I just know that it has been pretty warm out, warm enough to make me still crave food that minimally requires use of my stove.
Pomodoro crudo is the simplest of sauces, and an excellent way to savor the very last of this season’s tomatoes. I used a big, fat heirloom tomato, the jolie-laide of summer fruit. A little gnarly, very misshapen, but incredibly full, flavorful, and delicious.
And it goes without saying that the better your core ingredients, the better the sauce will be.
About 1 to 1 1/2 pounds of very good, very ripe tomatoes
1 clove of garlic, lightly crushed
About 2 tablespoons of excellent extra-virgin olive oil
Salt and pepper
About 1/3 pound of dried penne
How to prepare:
1. Bring a large pot of water to boil.
2. Set up a large ice water bath.
3. When the water begins to boil, score an X on the bottom of each tomato. Drop the tomatoes gently into the boiling water and leave them in for about 20-30 seconds, depending on how big your tomatoes are. Remove them carefully from the boiling water, and slip them into the ice water bath. You should now be able to easily remove the skin of each tomato.

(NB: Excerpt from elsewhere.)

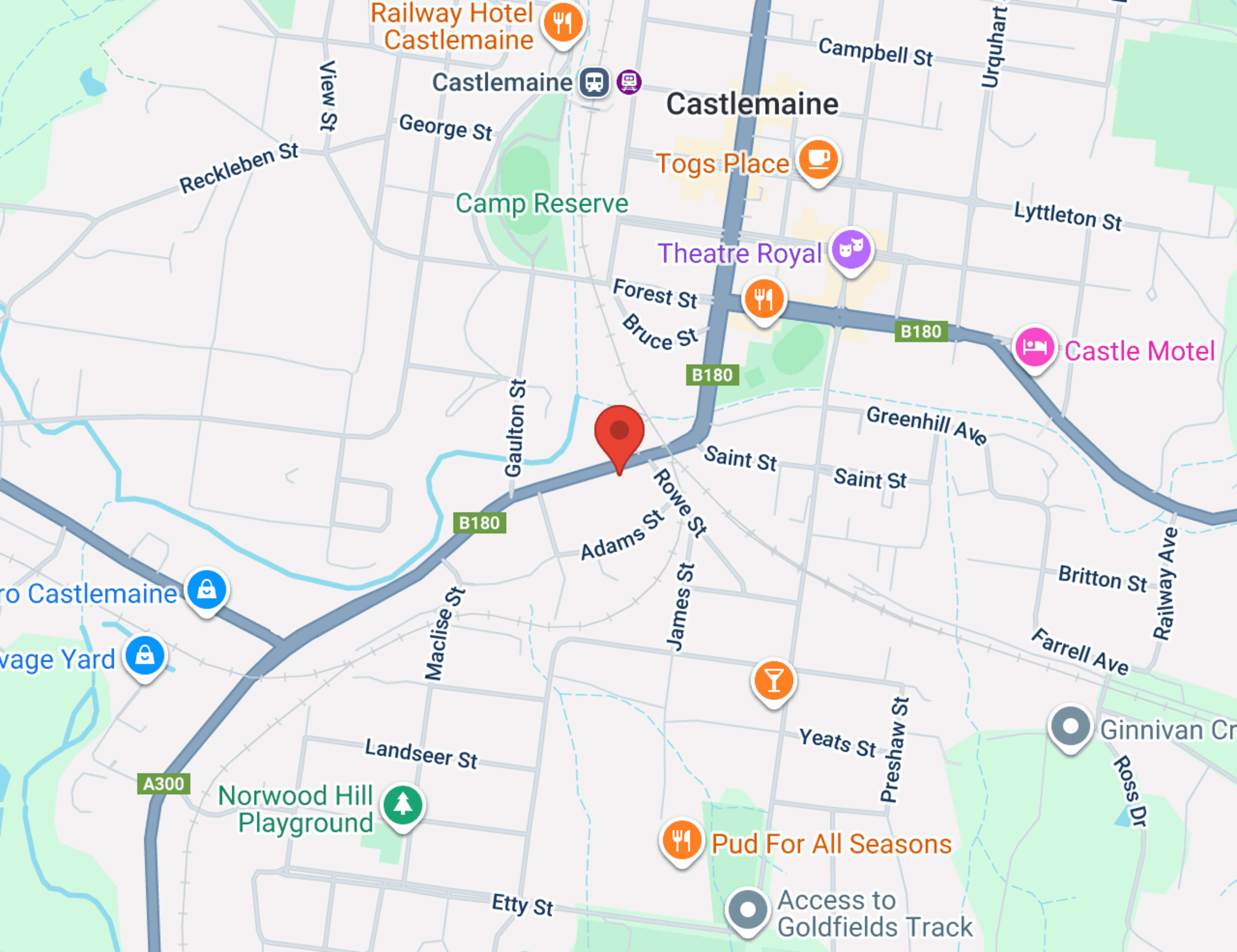 Castlemaine Mitsubishi map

4. Once all the tomatoes are peeled, cut them in half and remove the seeds. Chop each tomato, and transfer everything to a medium-sized bowl. Season the tomatoes with salt and pepper to taste (you can salt liberally). Add the olive oil and the crushed clove of garlic. Stir everything together, and let the sauce sit covered and undisturbed on the counter for about 30 minutes.
5. Bring a large pot of salted water to boil. Add the penne and cook it until it is just slightly under-al dente. Drain the pasta and add it to the sauce. Toss everything together, and remove the garlic clove.
The pasta should begin to absorb some of the excess liquid in the sauce.
Hand-tear a handful of basil and add it to pasta. Toss again, and serve.